United States District Court, S.D. Indiana, Indianapolis Division
February 10, 2014
AMY MARTINEZ, Plaintiffs,
CLARIAN HEALTH PARTNERS, INC., HEALTHNET, INC., INDIANA UNIVERSITY HEALTH, INC., Defendants.
ENTRY ON MOTIONS IN LIMINE
TANYA WALTON PRATT, District Judge.
This matter is before the Court on Motions in Limine filed by Defendants Indiana University Health, Inc. and Healthnet, Inc. (collectively "IU Health") (Dkt. 52) and Plaintiff Amy Martinez ("Ms. Martinez") (Dkt. 61). The Court will address each motion in limine in turn, and will address additional facts relevant to each motion as needed.
The facts of this case are set forth at length in the Court's Entry on IU Health's Motion for Summary Judgment. (Dkt. 48). In short, Ms. Martinez was employed by IU Health as an Electronic Medical Records Analyst from August 23, 2010 until she was terminated on or about January 21, 2011. She alleges that she was terminated in retaliation for complaints about alleged discriminatory hiring practices by her supervisor, Lauren Borgmann.
II. LEGAL STANDARD
The court excludes evidence on a motion in limine only if the evidence clearly is not admissible for any purpose. See Hawthorne Partners v. AT&T Techs., Inc., 831 F.Supp. 1398, 1400 (N.D. Ill. 1993). Unless evidence meets this exacting standard, evidentiary rulings must be deferred until trial so questions of foundation, relevancy, and prejudice may be resolved in context. Id. at 1400-01. Moreover, denial of a motion in limine does not necessarily mean that all evidence contemplated by the motion is admissible; rather, it only means that, at the pretrial stage, the Court is unable to determine whether the evidence should be excluded. Id. at 1401.

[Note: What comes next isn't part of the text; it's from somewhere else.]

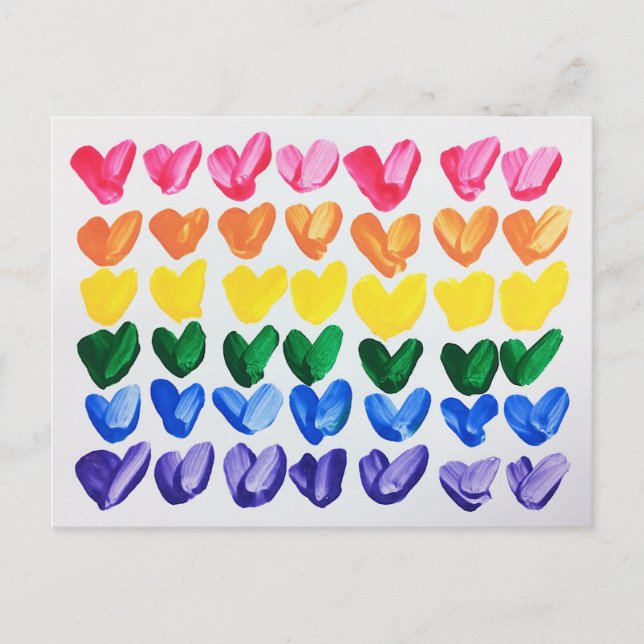 Rainbow of Love - Fun Colorful Hand Painted Hearts Postcard (Front)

A. Ms. Martinez's Motion in Limine (Dkt. 61)
Ms. Martinez asks the Court to exclude any testimony regarding her two divorces and bankruptcies filed prior to this action. IU Health has not filed any objection to the exclusion of this evidence, and the Court finds that it is not relevant to the claims or arguments of either party, and is therefore inadmissible under Federal Rule of Evidence 401. Therefore, the Court GRANTS Ms. Martinez's Motion in Limine. (Dkt. 61)
B. IU Health's Motion in Limine (Dkt. 52)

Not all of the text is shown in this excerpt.